Die Anwälte der Mönche argumentieren stets mit Nichtwissen. Im Kloster sei nichts zu finden, Belege müssten schon die Kläger bringen. "Da wurden Millionen bewegt - und es gibt keinen Federstrich, keine Akten?", fragte Rechtsanwalt Henning Necker, der das Kloster vertritt, vor einiger Zeit in der Verhandlung. Die Absprachen über die Anlagen auf dem Klosterkonto seien im Wesentlichen mündlich getroffen worden, betonte der Klägeranwalt. Nirgendwo stehe, dass sowas schriftlich erfolgen müsse.

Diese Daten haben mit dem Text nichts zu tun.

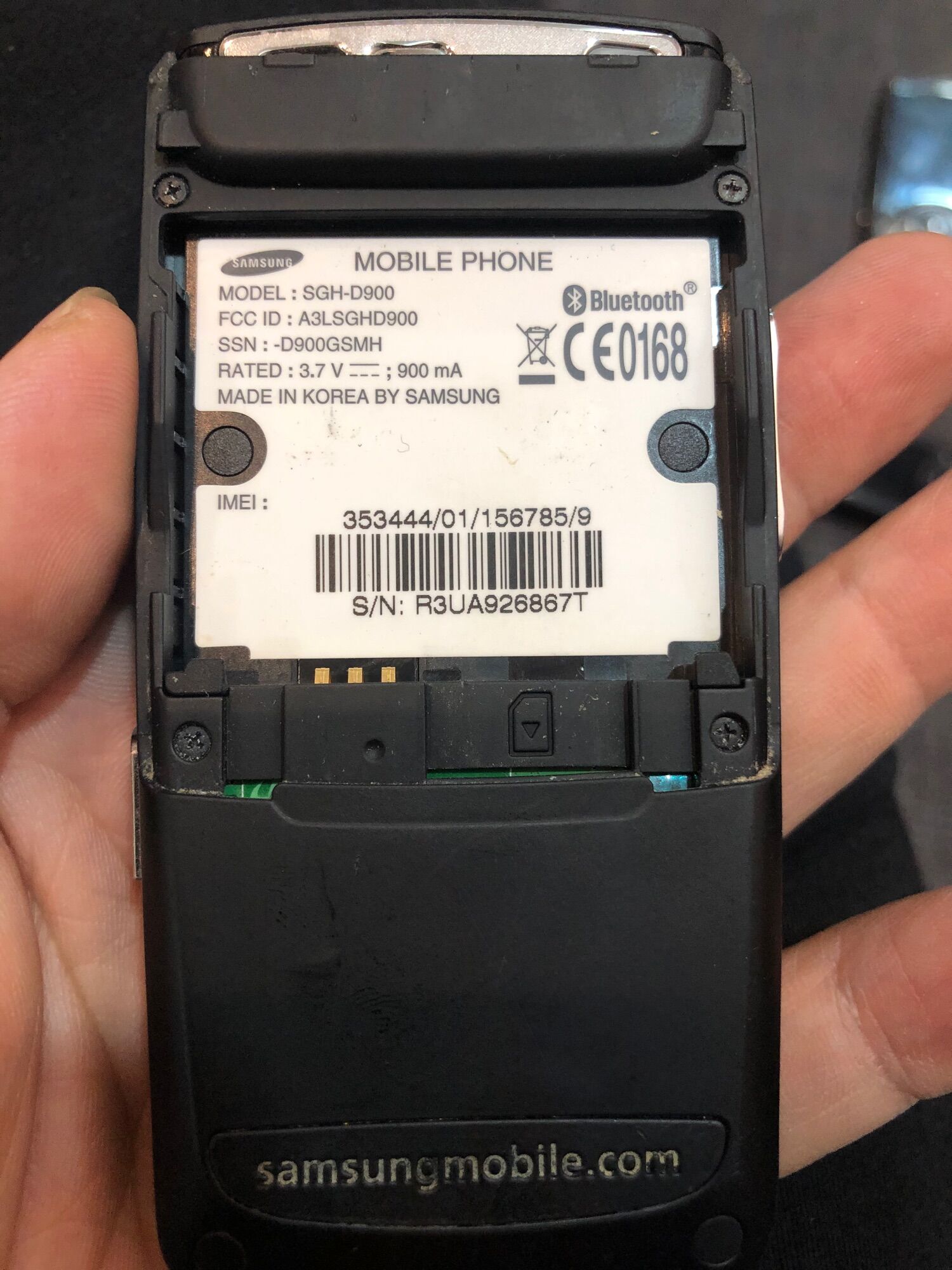 Samsung SGH D900
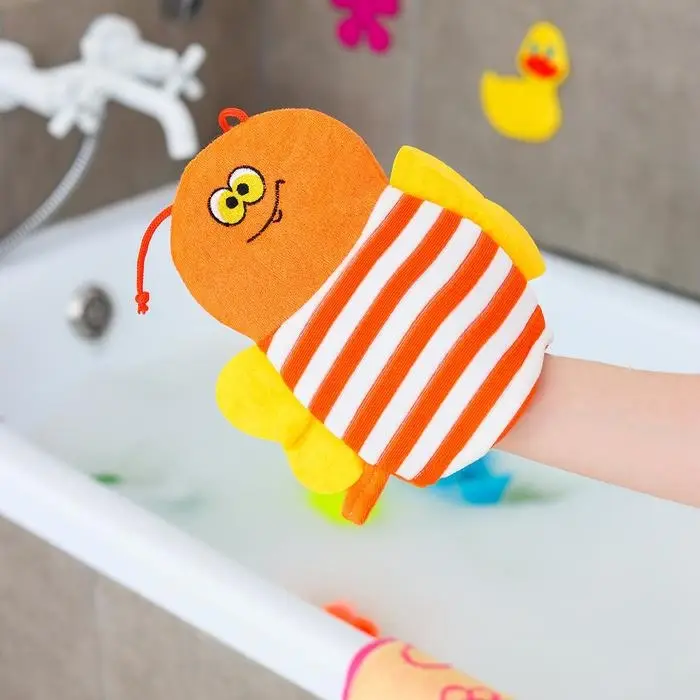 Мочалка-варежка детская для купания Доляна &laquo;Пчёлка&raquo;, цвет МИКС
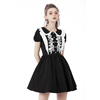 Gothic Embroidered Contrast Dress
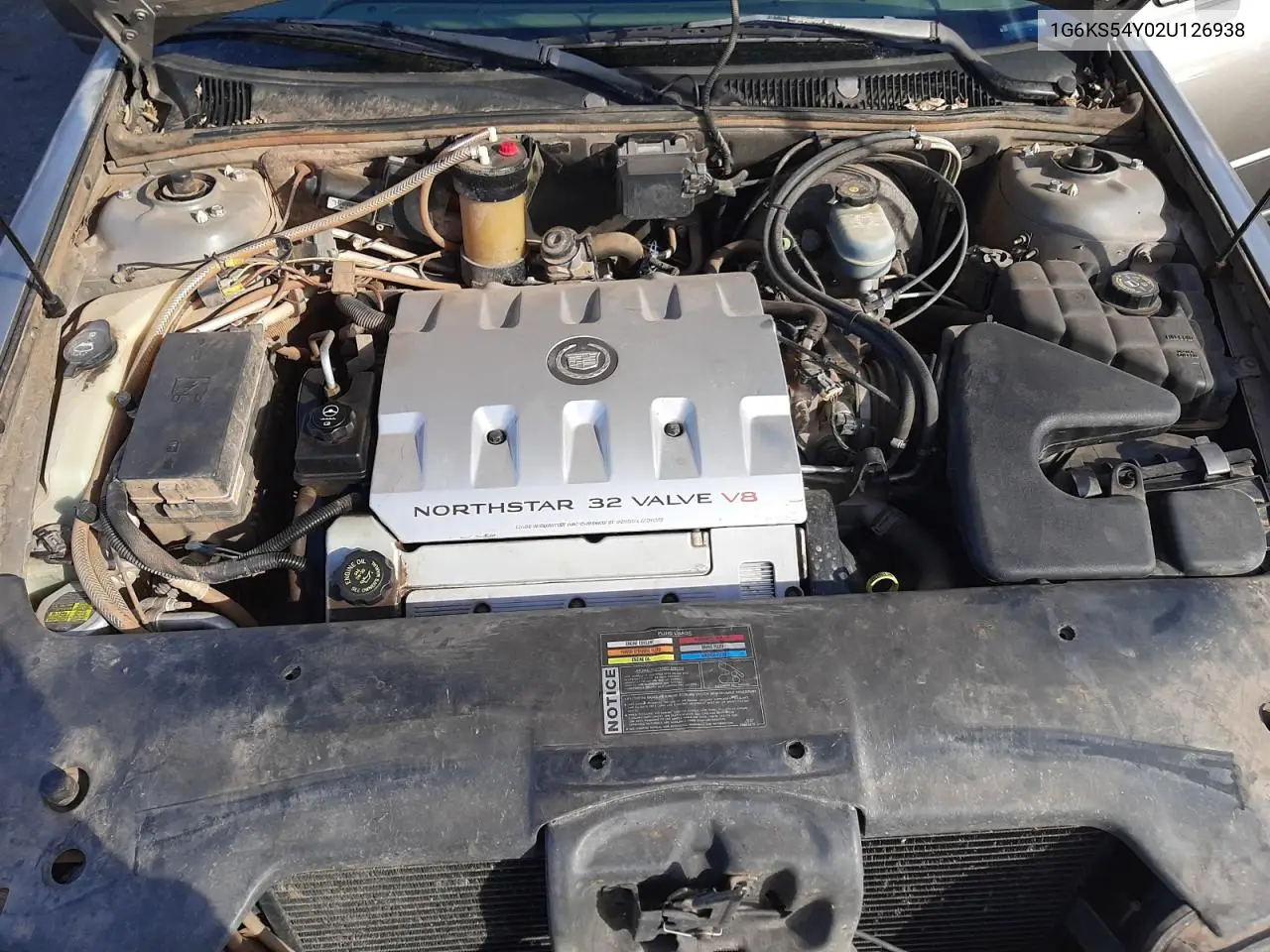 2002 Cadillac Seville Sls VIN: 1G6KS54Y02U126938 Lot: 53216755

An und für sich seien die Mönche durchaus daran interessiert, den Millionenfund den rechtmäßigen Besitzern zu geben, so Sprecher Hohenberg. Die Benediktiner hätten die Millionen bisher auch nicht angerührt. Erst sollten alle möglichen Ansprüche geklärt sein. Dies sei jedoch nicht Gegenstand des Verfahrens gewesen, betonte der Vorsitzende Richter Mosthaf. Es ging nur um diesen einen Fall. Zunächst bleibe das Geld beim Kloster.
Was die zehn Mönche mit den Millionen machen, ist keine Frage. Laut Hohenberg liegt der Umsatz der Abtei deutlich unter einer Million Euro. Einnahmen kämen vor allem aus Spenden, aber auch aus Pachtverträgen, einer Gaststätte und dem Gehalt von zwei Mönchen, die Religionsunterricht geben. "Die Einnahmen stehen aber in keinem Verhältnis zur Bausubstanz eines uralten Klosters."